# Back home again



## Black Beard (Jan 25, 2001)

Hi all - just a quick post to let you know I arrived home safely with no glitches after spending quality time with a wonderful group of people. What more can I say, it was a privilege to meet and spend time with yaw’l. I only hope you enjoyed it a much as I did. 

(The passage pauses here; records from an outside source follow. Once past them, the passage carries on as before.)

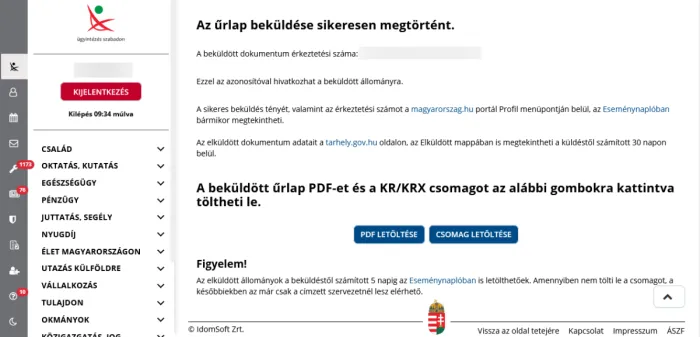A sikeres kincstári értékpapírszámla visszaigazolási képernyője
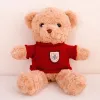 LEAN TOYS pluche mascotte knuffel teddybeer beige rode trui 40cm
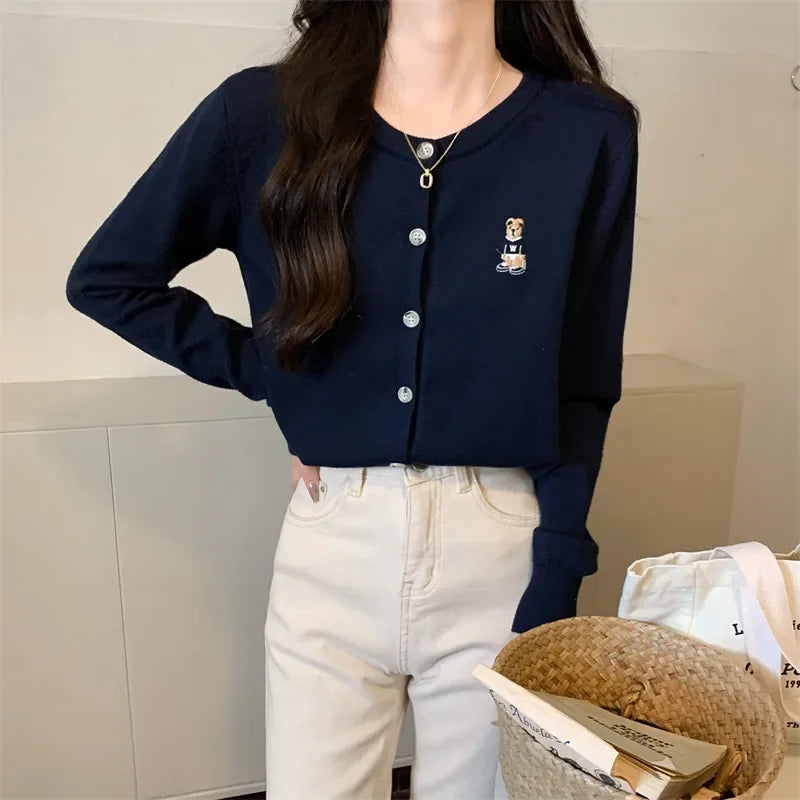 Korean V Neck Knit Cardigan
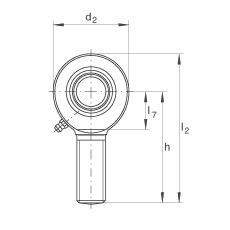 桿端軸承 GAR6-DO, 根據(jù) DIN ISO 12 240-4 標(biāo)準(zhǔn)，帶右旋外螺紋，需維護(hù)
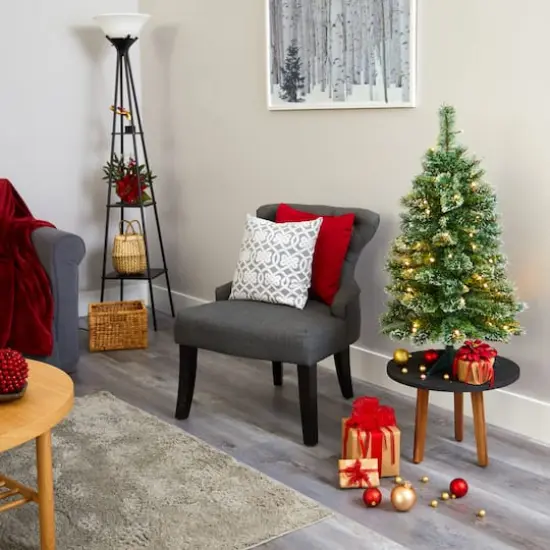 3ft. Pre-Lit Wisconsin Slim Snow Tip Pine Artificial Christmas Tree with Clear LED Lights {7}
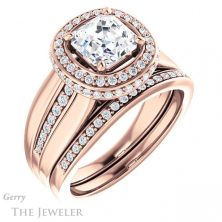 14k Rose Gold Asscher Cut Forever One Engagement Ring Setting #GTJ1017-asscher-fo-r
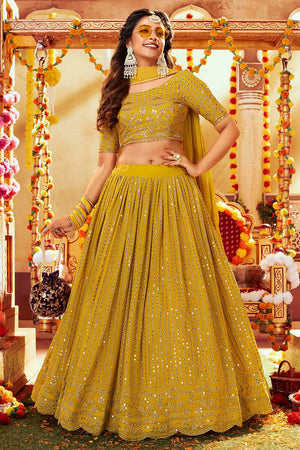 Mustard Faux Georgette Sequin Embroidery Work Lehenga Choli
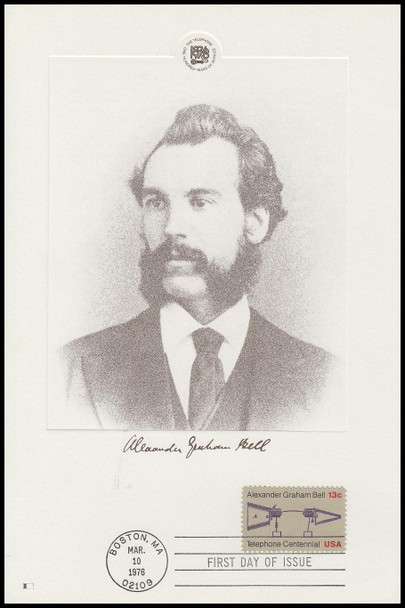 1683 / 13c Telephone Centennial 1976 Fleetwood Limited Edition FDOI Presentation Card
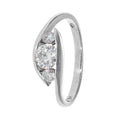 9k White Gold Trinity Swirl GH Moissanite Ring 0.75ct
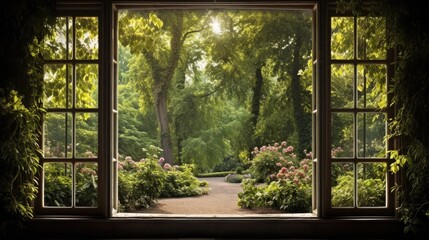 view of the garden through the window frame as a natural border to frame the view of the garden.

Just about jet lagged out now so God bless all. Until I arise again like a phoenix from the ashes of an exhausted man may your casts all be long, straight and safe. BB


----------



## Ralph (Aug 1, 2002)

*backcastnig tips...*

neil, thanks for the reel. as soon as i get some line on it, look out. your observations of my backcaster were very encouraging. see you in the record books. 

ralph


----------



## longcaster (Oct 3, 2000)

*Glad You Made It Home Safe*

Thanks for making it all possible!

Looking forward to catching fish in the Spring!


----------



## Larry (Apr 17, 2002)

*Many Thanks!!!*

Neil, My wife and I say thank you for your help.  Larry.


----------



## GORD4862 (Jan 7, 2003)

Hello there smoking partner!
Thanks for the instruction-great time.
Can I bother you to tell me where I might find a kit that
might contain all those goodies you use to make those
nice fishing rigs? I saw one on the Veals website, would you 
recommend it?
Thanks again 
Gordon


----------



## Black Beard (Jan 25, 2001)

Hi Gordon - good to meet you too. 
Okay, rigs: the kit will be fine, but it will NOT have the double crimps I use. My local shop does have them however as we sort of figured the double crimp thing out together. I can get them to put a starter pack together complete with the double crimps, but you will need the right pliers. Cabela and Bass Pro have them but they are around $30 a pair.
Anyone else want a set of bits I can get them done at the shop - Marsh Tackle - in a few days. 
Sugestion, I will sort out a set of bits to make a selection of say three different traces, four of each and cost it out excluding the pliers and mono and get back in a day or so. I will also throw in som line drawings of rigs I use. 
Being away is great but getting back to a pile of work is a pain! Take care all - BB


----------



## jedi_angler (Jul 5, 2003)

*Count me in.*

Will order a set when you have the details sorted out.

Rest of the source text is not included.